Continuano i lavori del Governo per completare la nuova riforma delle pensioni e stabilire i requisiti principali per richiedere la pensione di vecchiaia a partire dal prossimo triennio. Tuttavia, è da considerare come siano presenti anche altre importanti categorie che ad oggi possono accedere alla pensione anticipata.

Trale principali? I lavoratori precoci, gli addetti ai lavori usuranti, i lavoratori notturni e in caso di invalidità superiore all’80%.

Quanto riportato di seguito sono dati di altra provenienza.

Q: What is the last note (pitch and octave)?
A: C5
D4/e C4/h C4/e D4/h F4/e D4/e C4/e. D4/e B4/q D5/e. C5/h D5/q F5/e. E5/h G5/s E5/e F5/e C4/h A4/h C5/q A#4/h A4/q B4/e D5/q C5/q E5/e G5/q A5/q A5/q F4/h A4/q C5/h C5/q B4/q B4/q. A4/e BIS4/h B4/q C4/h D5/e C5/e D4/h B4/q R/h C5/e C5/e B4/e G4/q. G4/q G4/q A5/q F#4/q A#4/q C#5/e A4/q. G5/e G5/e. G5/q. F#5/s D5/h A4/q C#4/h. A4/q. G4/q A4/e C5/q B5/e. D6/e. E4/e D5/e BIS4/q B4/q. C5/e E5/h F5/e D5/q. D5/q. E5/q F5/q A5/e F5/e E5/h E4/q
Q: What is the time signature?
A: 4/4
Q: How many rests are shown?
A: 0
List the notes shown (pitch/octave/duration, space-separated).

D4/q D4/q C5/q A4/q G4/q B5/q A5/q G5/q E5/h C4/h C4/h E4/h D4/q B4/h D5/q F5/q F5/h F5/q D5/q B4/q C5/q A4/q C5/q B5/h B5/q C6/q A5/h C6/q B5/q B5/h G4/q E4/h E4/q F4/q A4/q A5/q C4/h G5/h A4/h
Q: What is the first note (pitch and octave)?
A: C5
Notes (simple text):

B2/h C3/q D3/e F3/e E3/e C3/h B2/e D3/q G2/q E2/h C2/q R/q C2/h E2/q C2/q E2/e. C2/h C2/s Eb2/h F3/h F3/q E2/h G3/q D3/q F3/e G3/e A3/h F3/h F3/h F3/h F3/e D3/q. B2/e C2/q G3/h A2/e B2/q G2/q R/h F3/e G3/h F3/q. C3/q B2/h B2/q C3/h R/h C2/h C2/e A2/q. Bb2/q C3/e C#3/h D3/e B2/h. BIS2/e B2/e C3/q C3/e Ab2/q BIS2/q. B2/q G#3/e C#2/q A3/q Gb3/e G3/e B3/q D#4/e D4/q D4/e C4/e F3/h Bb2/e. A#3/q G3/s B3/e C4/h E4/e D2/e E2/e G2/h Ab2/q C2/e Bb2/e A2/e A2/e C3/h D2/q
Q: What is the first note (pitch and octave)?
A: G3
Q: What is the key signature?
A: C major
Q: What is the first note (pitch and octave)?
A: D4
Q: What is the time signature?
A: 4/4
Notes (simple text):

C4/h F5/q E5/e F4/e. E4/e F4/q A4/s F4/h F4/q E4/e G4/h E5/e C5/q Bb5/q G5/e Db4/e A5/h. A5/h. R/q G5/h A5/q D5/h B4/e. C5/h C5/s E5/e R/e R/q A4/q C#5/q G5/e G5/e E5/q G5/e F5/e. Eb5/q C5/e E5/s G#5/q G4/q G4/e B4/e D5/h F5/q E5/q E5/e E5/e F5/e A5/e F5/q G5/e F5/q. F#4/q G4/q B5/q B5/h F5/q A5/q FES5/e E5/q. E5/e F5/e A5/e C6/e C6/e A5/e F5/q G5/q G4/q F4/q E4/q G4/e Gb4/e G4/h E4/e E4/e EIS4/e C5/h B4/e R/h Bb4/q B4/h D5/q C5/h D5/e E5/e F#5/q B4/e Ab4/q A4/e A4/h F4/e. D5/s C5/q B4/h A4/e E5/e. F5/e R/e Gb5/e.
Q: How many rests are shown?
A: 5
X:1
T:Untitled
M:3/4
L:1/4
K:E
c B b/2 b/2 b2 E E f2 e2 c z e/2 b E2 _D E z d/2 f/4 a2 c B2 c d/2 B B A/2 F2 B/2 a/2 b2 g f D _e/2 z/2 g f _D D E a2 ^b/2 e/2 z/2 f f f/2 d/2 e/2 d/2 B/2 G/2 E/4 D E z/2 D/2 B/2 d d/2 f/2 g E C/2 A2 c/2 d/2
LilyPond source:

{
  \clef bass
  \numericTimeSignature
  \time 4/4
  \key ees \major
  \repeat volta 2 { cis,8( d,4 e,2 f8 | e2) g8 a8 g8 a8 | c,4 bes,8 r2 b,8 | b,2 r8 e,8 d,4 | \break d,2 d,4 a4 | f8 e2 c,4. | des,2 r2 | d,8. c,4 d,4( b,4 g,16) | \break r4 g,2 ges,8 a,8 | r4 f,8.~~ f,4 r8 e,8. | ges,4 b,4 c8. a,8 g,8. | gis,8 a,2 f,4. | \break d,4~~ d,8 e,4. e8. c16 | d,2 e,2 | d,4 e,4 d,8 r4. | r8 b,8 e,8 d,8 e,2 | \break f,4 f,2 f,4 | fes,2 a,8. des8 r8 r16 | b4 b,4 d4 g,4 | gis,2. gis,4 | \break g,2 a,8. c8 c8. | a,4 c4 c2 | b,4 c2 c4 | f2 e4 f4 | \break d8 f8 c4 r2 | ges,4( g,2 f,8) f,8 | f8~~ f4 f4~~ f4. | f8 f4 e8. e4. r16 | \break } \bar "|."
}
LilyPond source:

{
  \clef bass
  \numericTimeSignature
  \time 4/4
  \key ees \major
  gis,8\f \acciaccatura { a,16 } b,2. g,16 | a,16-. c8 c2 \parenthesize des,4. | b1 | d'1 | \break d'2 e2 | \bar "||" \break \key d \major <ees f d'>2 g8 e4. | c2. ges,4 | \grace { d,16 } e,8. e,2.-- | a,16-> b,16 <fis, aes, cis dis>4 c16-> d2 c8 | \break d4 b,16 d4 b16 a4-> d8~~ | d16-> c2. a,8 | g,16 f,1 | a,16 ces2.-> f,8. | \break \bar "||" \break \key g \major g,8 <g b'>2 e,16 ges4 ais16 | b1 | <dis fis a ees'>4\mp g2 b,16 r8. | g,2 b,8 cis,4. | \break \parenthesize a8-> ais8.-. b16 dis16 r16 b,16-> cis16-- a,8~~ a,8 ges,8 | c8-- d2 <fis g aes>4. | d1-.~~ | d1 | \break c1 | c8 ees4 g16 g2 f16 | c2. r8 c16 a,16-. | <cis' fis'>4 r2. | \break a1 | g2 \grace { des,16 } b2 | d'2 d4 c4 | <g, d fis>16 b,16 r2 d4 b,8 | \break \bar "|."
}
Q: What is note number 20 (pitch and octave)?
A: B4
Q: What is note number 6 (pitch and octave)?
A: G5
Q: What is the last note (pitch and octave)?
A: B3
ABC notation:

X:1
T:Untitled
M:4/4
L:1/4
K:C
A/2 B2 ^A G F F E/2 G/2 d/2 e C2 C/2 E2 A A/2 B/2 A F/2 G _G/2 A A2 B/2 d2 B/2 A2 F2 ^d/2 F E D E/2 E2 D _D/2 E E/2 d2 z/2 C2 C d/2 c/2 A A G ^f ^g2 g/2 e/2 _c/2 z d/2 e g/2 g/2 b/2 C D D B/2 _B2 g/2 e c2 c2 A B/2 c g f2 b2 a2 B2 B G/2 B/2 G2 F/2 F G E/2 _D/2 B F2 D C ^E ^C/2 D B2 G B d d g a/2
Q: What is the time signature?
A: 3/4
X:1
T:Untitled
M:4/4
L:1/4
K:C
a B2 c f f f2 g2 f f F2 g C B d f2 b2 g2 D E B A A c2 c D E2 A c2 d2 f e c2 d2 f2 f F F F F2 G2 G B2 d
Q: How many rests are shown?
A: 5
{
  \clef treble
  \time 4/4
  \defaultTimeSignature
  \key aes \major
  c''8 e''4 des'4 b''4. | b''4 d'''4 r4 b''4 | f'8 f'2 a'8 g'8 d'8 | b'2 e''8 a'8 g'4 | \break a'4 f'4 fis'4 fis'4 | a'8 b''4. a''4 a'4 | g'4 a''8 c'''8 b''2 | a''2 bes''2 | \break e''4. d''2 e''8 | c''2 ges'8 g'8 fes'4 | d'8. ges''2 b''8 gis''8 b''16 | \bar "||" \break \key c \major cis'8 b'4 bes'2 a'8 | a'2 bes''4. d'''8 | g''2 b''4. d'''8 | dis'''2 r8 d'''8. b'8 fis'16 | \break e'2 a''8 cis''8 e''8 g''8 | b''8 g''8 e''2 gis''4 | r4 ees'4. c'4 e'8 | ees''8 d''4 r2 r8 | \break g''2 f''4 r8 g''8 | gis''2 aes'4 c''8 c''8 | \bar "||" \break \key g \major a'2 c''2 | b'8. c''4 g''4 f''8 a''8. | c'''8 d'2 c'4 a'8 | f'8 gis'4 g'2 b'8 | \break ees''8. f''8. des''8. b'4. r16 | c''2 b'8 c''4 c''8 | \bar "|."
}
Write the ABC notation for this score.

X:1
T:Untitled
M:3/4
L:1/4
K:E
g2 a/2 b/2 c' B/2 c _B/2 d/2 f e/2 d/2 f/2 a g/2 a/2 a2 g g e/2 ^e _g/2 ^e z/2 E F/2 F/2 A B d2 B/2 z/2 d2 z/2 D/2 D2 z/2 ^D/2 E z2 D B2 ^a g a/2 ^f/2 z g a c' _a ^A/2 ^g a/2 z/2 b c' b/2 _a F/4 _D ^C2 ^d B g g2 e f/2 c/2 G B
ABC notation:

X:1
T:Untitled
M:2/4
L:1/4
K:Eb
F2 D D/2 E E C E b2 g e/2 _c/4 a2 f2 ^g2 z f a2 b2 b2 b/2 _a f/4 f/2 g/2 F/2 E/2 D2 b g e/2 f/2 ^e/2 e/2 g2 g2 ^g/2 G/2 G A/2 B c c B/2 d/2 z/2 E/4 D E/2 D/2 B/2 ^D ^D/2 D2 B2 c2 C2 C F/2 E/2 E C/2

Legge di Bilancio 2018, i lavori del Governo sulla pensione di vecchiaia per il prossimo triennio

Se al 2017 i requisiti minimi per richiedere la pensione di vecchiaia non superano i 67 anni, per il prossimo triennio potrebbero esserci delle importanti novità. Aumentando le aspettative di vita secondo le ultime statistiche dell’Inps, infatti, l’età minima della pensione potrebbe subire un primo aumento già a breve. Tuttavia, si attendono nuovi sviluppi da parte del Governo sui prossimi passi.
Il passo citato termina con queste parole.